Like all banks, Bank of America struggled in the wake of the subprime loan meltdown. That stumble was followed by trouble with its energy/oil loan portfolio following the 2014 implosion of crude oil prices. Unlike most of its peers though, Bank of America was slow to find the Fed's full blessing after going through the regulatory "stress trust." The Federal Reserve largely kept the brakes on Bank of America's dividend growth, and also required the bank to up its reserves of higher-quality capital (this crimping its ability to grow). After the first quarter report though, those headwinds are decidedly in the rear-view mirror. The company is now starting its second full-year of strong earnings growth, and analysts expect more of the same -- and actually better margins -- going forward.
The good news couldn't have come at a better time either.
Although much of the pullback since early March can be chalked up to an exceedingly frothy February. Nonetheless, the downtrend's rekindling in early April posed a real threat to BAC shares. A couple of different support levels -- one horizontal, and the other rising -- came into play. Had the stock broken under either or both of those support levels this week, the selling floodgates could have opened.

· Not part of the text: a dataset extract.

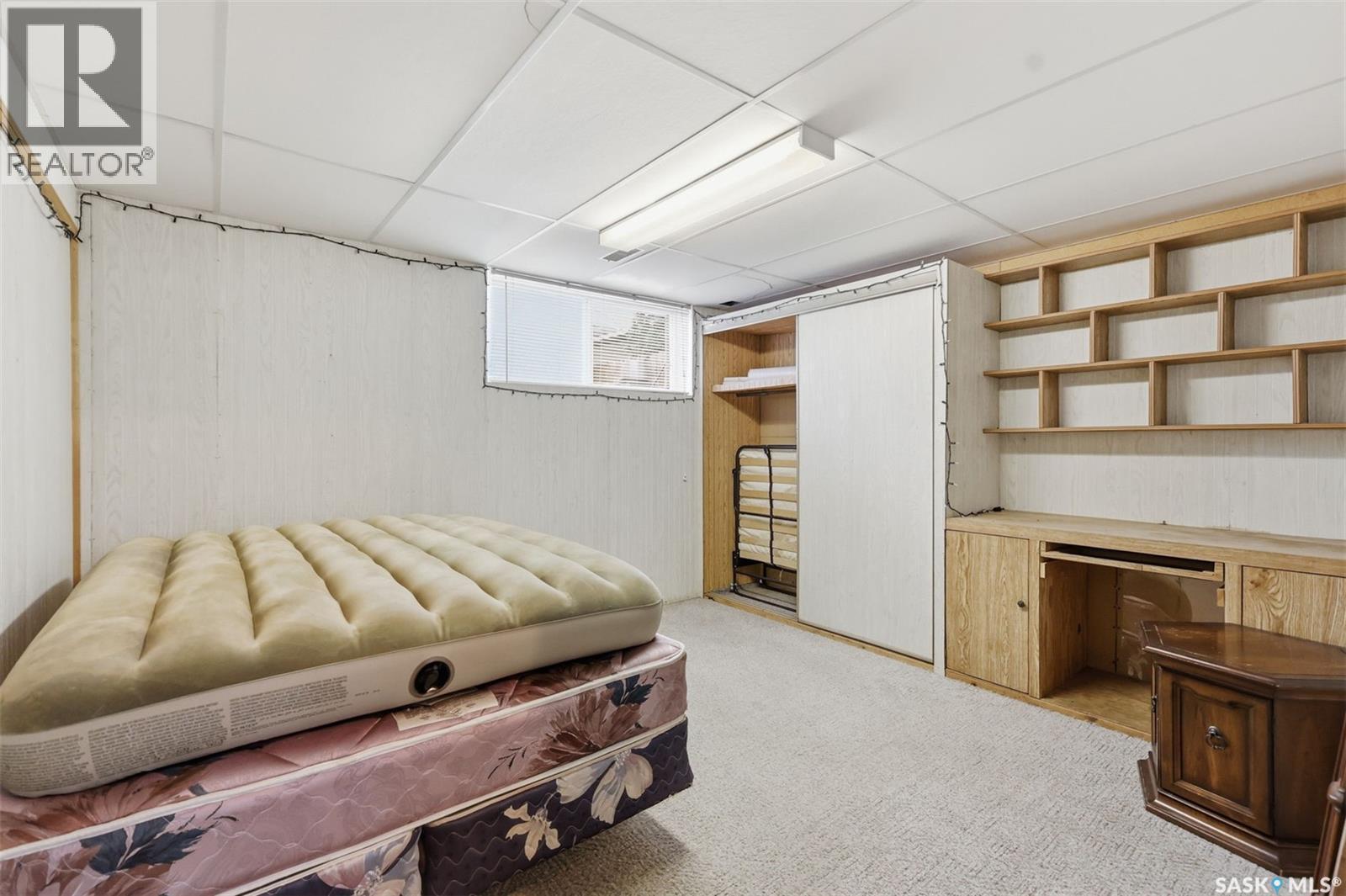 210 Lloyd Crescent, Saskatoon, SK - Indoor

Rather, those floors acted as floors on Monday, prompting a turnaround that saw some follow-through today. For the time being at least, BofA has escaped a bigger meltdown.
Don't get too bullish just yet. As the chart also shows, Bank of America shares bumped into the 20-day moving average line early in Tuesday's session and have rolled over. The stock could still very easily peel back until it breaks under those support lines. The selling fireworks could still start in earnest then. From a fundamental perspective though, such a pullback would be against the grain of the results trend and outlook, and be a buying opportunity.
On the flipside, never try and catch a falling knife. Make sure any meltdown is good and done before tiptoeing in.
At the same time, know that BAC could still evade a pullback and jolt higher instead. It would just need to clear the 20-day moving average line (blue) and the 100-day moving average line (gray) first.